The next level is the whole print on demand thing that’s taking publishing by storm. You can upload the file somewhere and then the book is bound only when it’s ordered and you take the profit afterwards. It’s good because you’re not at the mercy of publishers choosing your book for mass production.
After that, you can and do go to the publishers for a mass print copy when you know it’ll be good. I get roughly 2000 at a time and store them in my basement for them to sell over time.
But I think it’s best to start small with the more intimate books and then move them up that chain as it gains more and more notoriety.
Is there anything you wish you knew before you started?
The good thing was that the people I worked with gave such good advice that I avoided most of the pitfalls. But there is always more to learn. The first book I made on lonnings I thought would be a great success but died a complete death. Family and friends are the greatest supporters and tell you your work is brilliant so it can be quite humbling outside of that. The best thing is to have an external editor who will go through it and tell you what is working or not working. Proofreading is essential, you read what you want to read so you need things checked, I’ve sent a book off for its fourth edition and still find issues.

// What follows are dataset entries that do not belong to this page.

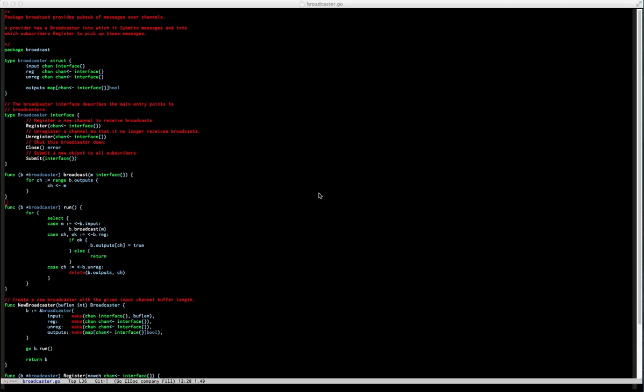Earlier someone was asking about some tools related to Go programming, so I wanted to show a couple that I'm using here. Starting out with Oracle, which is kind of a new thing that I've been playing with — it's something that just sort of magically understands everything and helps you play around with it.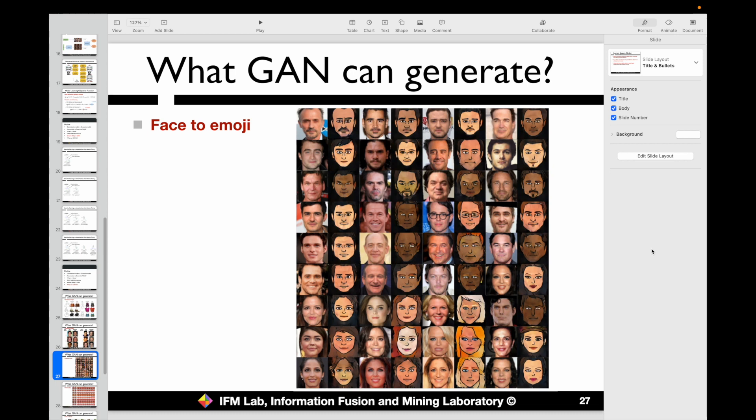Besides generating faces from sketches, we can also generate other kinds of data — for example, converting photos of faces into emoji. By providing the GAN with photos along with some noise inputs, we can generate the corresponding emoji for a face. Some examples are shown here where given a photo, the GAN generates the corresponding emoji.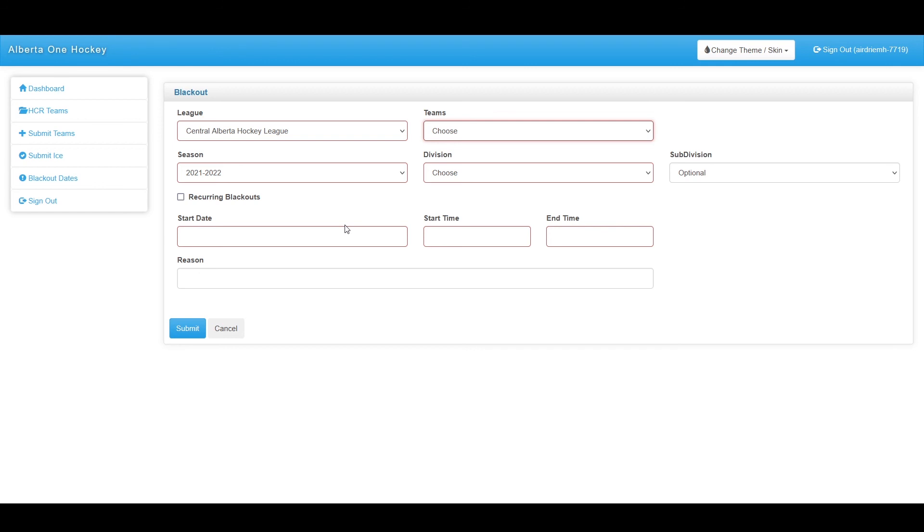That covers the association login under the new Hockey Alberta system. If you have any questions or concerns, please feel free to contact support at rampinteractive.com or dial in at 866-607-7267. Thank you for watching.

What other writers do you admire?
Leonard and Hungry Paul by Ronan Hession – and for me, it was the quiet hit of Lockdown. It’s so beautifully written, it feels just like sitting next to a brook or being on a beach.
The Book of the Damned by Charles Fort is a favourite of mine. He was a madman honestly, he would cut out paper clippings, he had drawers full of them. It really is a wonderful paranormal novel.
There’s another one, Sold for a Farthing by Clare Kipps. She kept a diary of when she kept a sparrow for years during the war – she would distract children from the bombs by releasing this sparrow that would do tricks. It’s just one of those totally bizarre books that’s such a joy to read.
Can you give us an exclusive on any upcoming books?
I have one book just out. The sad part of the Lockdown is that I couldn’t do much since I needed to go out and see places for my work. I feel as though this is a modern hodgepodge where I wrote down some local legends and folklore with some drawings.
My next one will be on postman’s paths. I came across the concept when I was out walking and spoke with a farmer. A postman’s path are these unofficial paths across fields to save postmen time on their rounds, they’d keep knocking down drystone walls getting through them so farmers would leave them a path through instead. These small things aren’t written down – it only belongs to the people who know where they are and what they’re called so they need to be written down.
I would like to thank Alan for his exploration of the niches of Cumbrian history and his explanation of some terms I have long taken for granted. You can find his work available on Amazon and in local bookstores.